> _Work request_
Please output the line containing "Watercolor floral garland" and all lines that follow it in the data below, exactly, with no pictures.

[Entries taken from a collection]
>>>
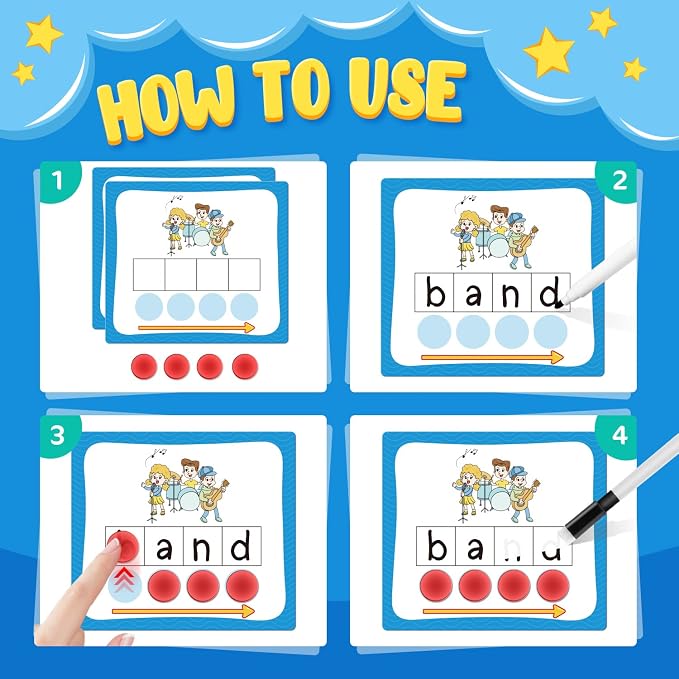 Torlam Elkonin Boxes Phonemic Awareness Phonics Games, Reading Spelling Sound Manipulatives Sight Word Flash Cards, Speech Therapy Toy Kindergarten Elementary Classroom Must Haves Homeschool Supplies - Image 3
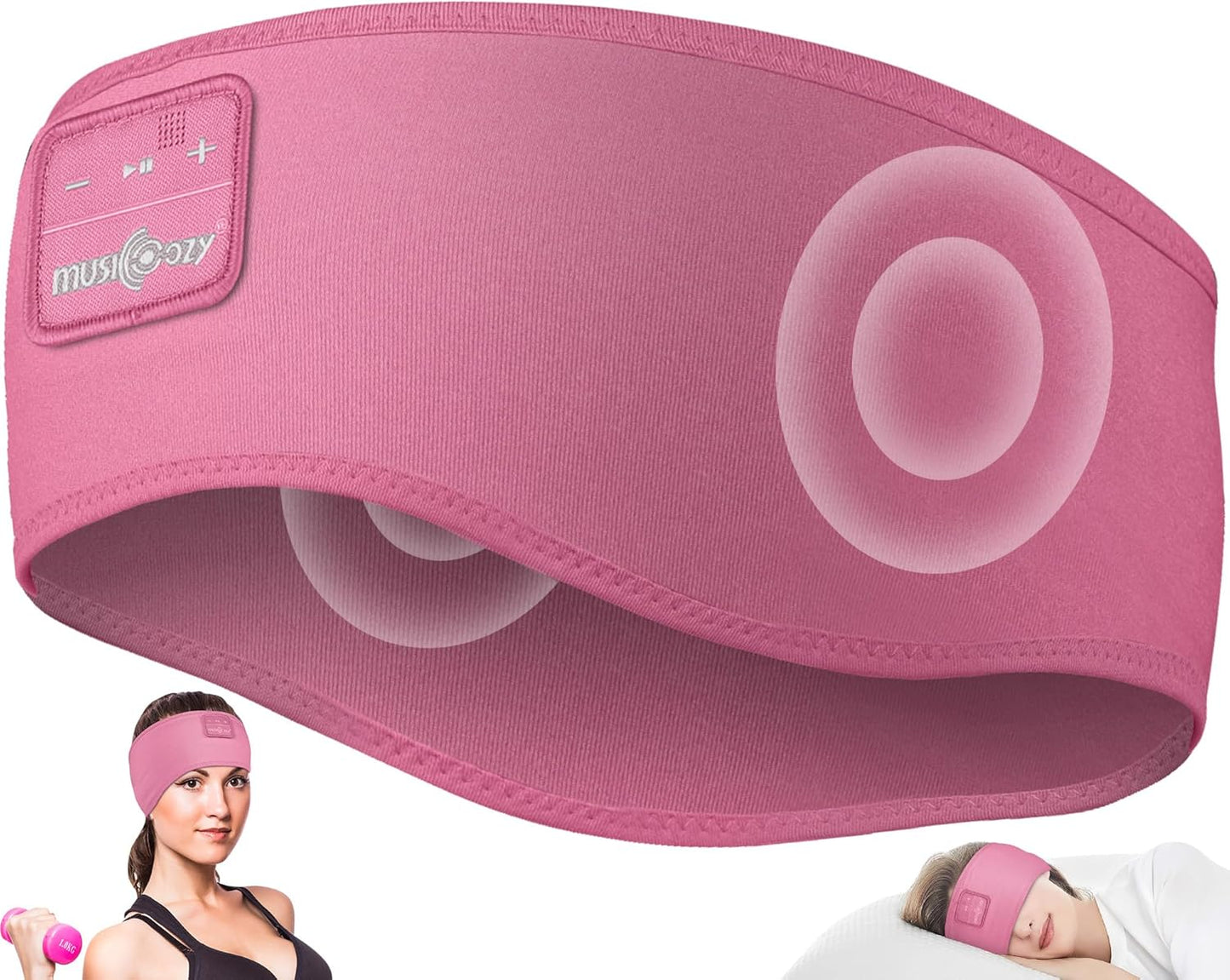 MUSICOZY Sleep Headphones Wireless Bluetooth 5.4 Headband, Music Sports Sleeping Headband Headphones Earbuds Earphones for Women Girls Mom Workout Running Jogging Yoga Cool Gadgets Unique Gifts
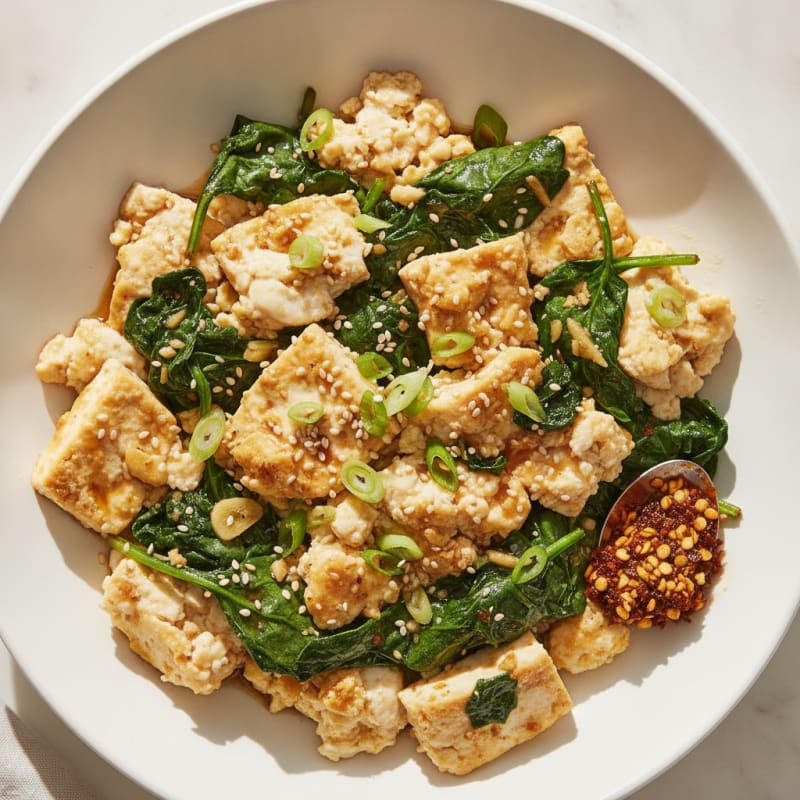 Egg White Scramble with Silky Tofu and Stir-Fried Spinach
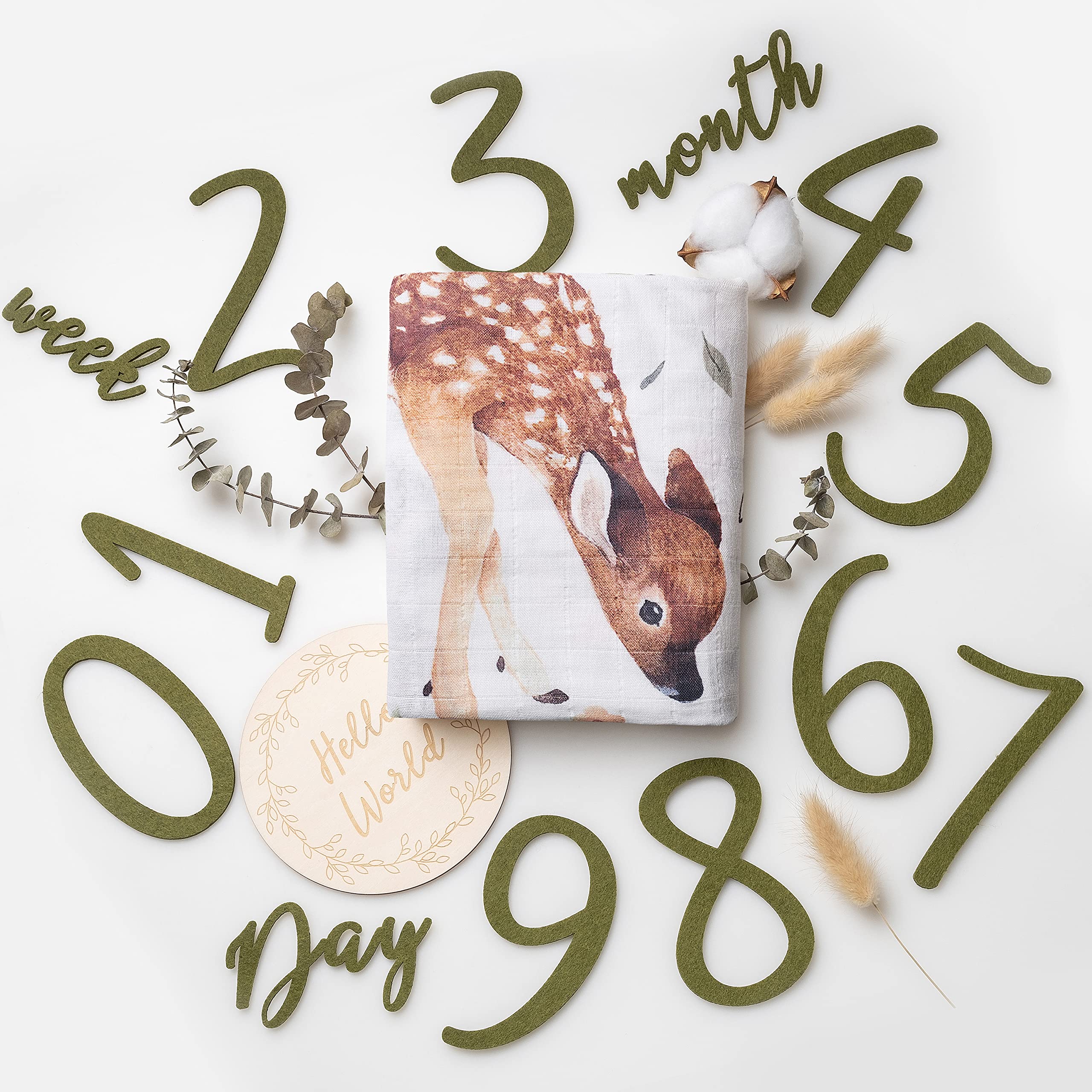 Miaoberry woodland milestone blanket with forest animals for adorable monthly photos.
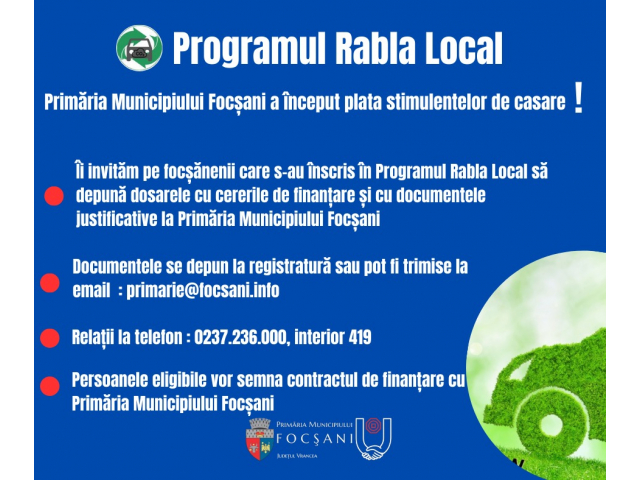 A început plata stimulentului de casare pentru 119 focșăneni care și-au înscris mașinile în Programul Rabla Local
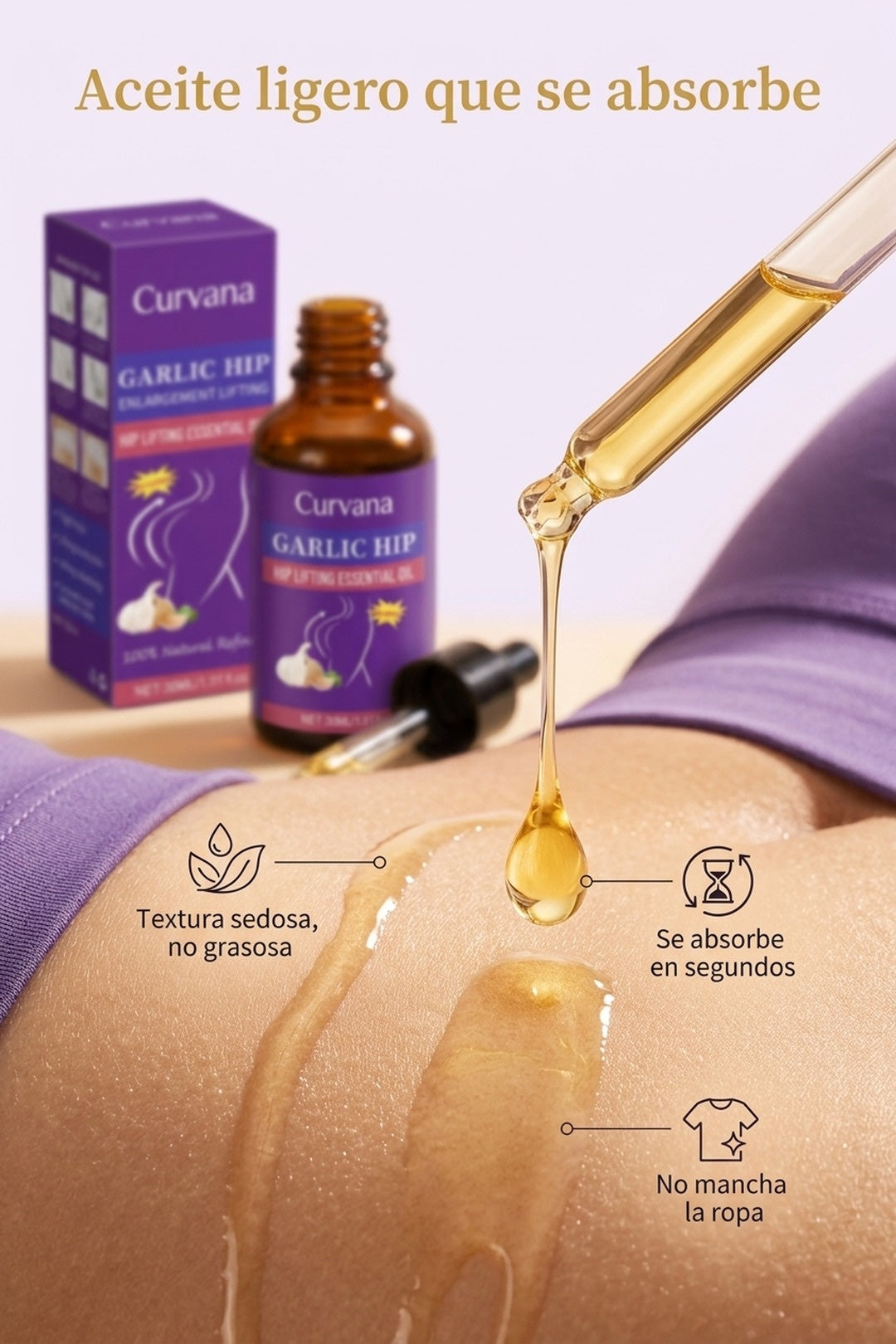 Textura ligera de aceite dorado que se absorbe en segundos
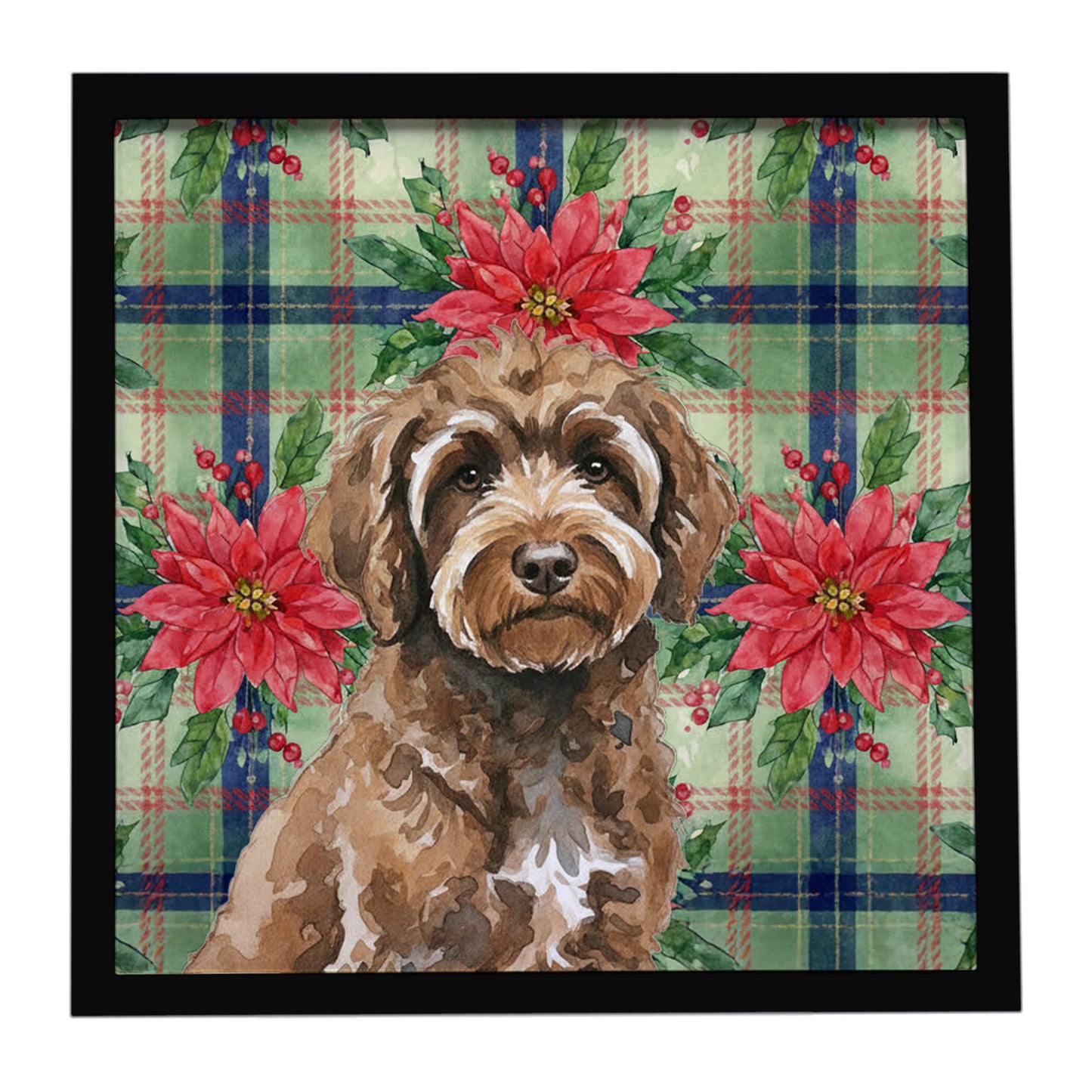 Buy this Brown Portuguese Water Dog Christmas PoinsettIas Framed Metal Print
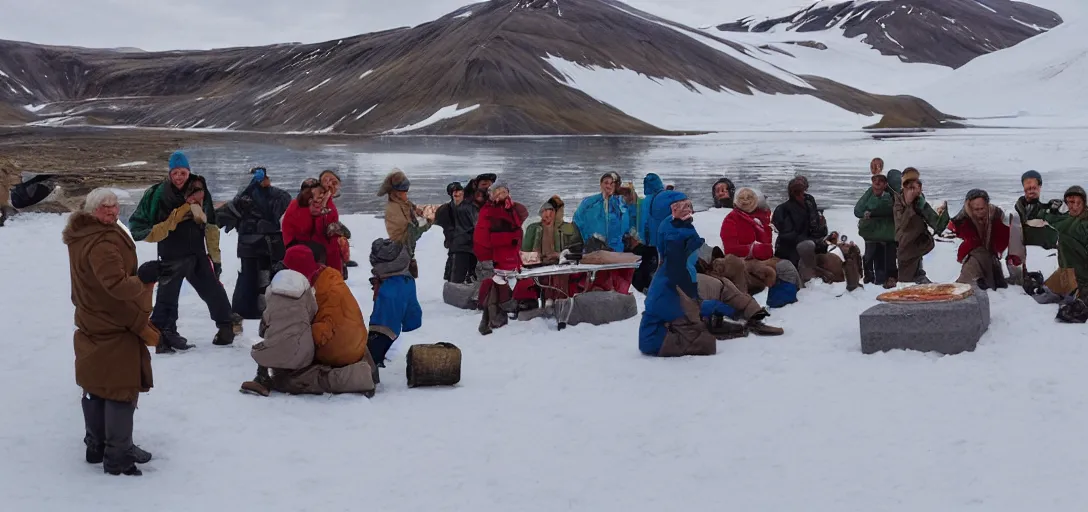 Prompt: people eating a pizza by the seed vault in Svalbard, 80s style, smiling maniacally, 8k, james gurney, greg rutkowski, john howe, artstation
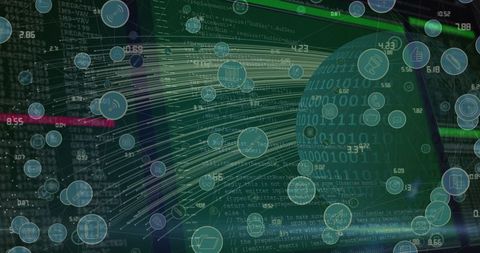 Digital Icons with Global Data Streams Overlay - Download Free Stock Images Pikwizard.com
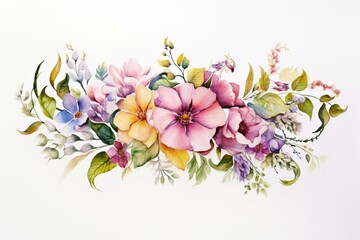 Watercolor floral garland drawing on white background. Generative AI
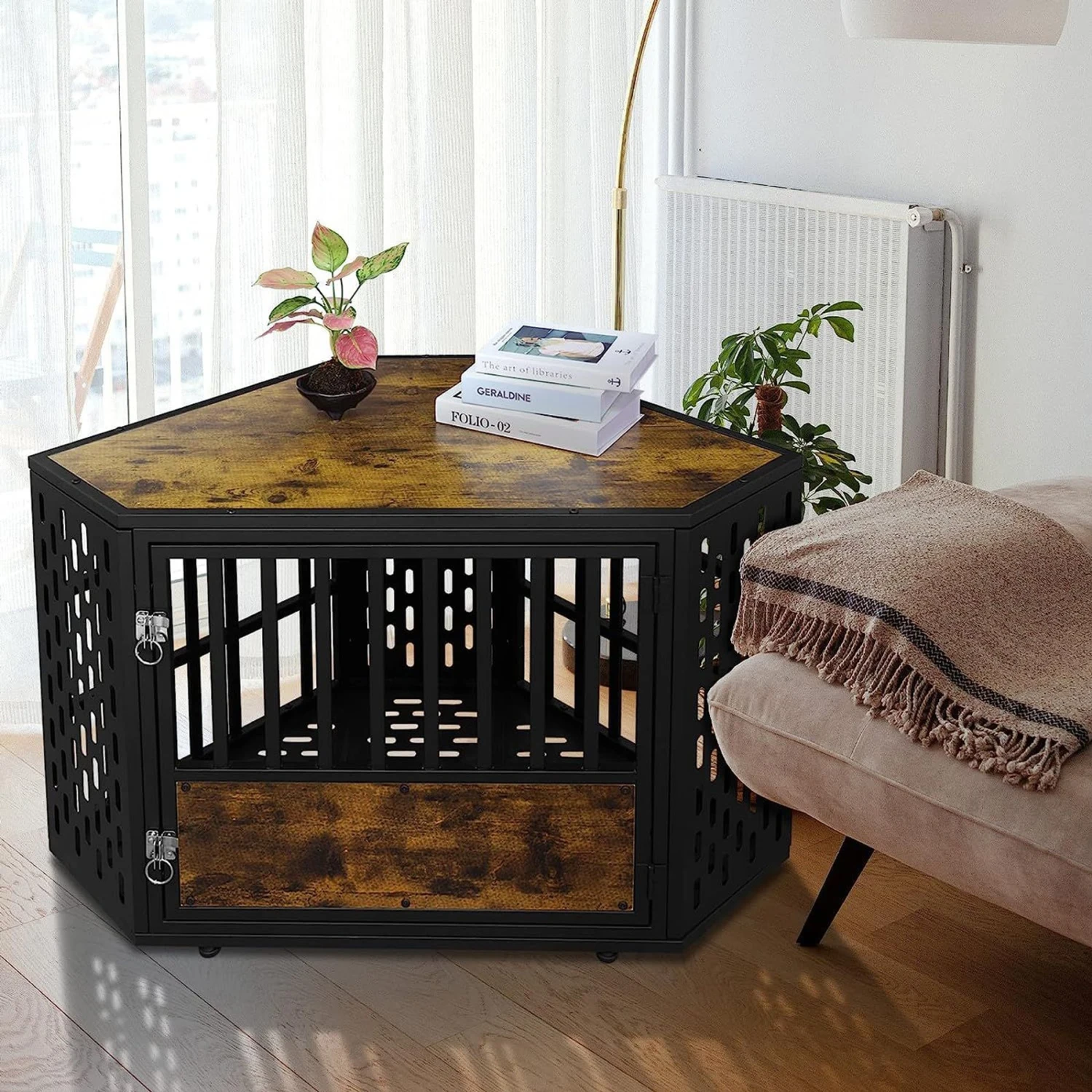 SMONTER Wooden Corner Crate Furniture Style Dog Kennel 9 SMONTER Wooden Corner Crate Furniture Style Dog Kennel - Image 7
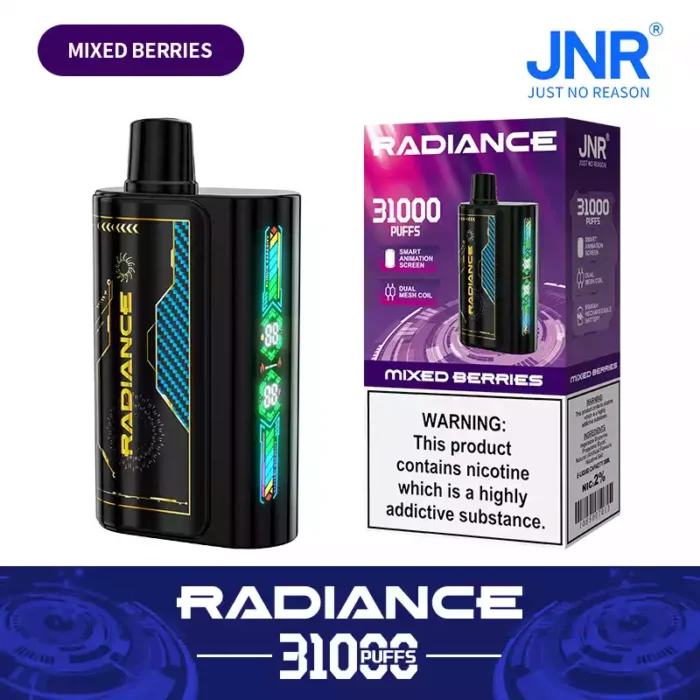 JNR Radiance 31000 Puffs Disposable Vape 28ml Dual Mesh Coil 15 Flavors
<<<
> _Answer for the task_
 Watercolor floral garland drawing on white background. Generative AI
 SMONTER Wooden Corner Crate Furniture Style Dog Kennel 9 SMONTER Wooden Corner Crate Furniture Style Dog Kennel - Image 7
 JNR Radiance 31000 Puffs Disposable Vape 28ml Dual Mesh Coil 15 Flavors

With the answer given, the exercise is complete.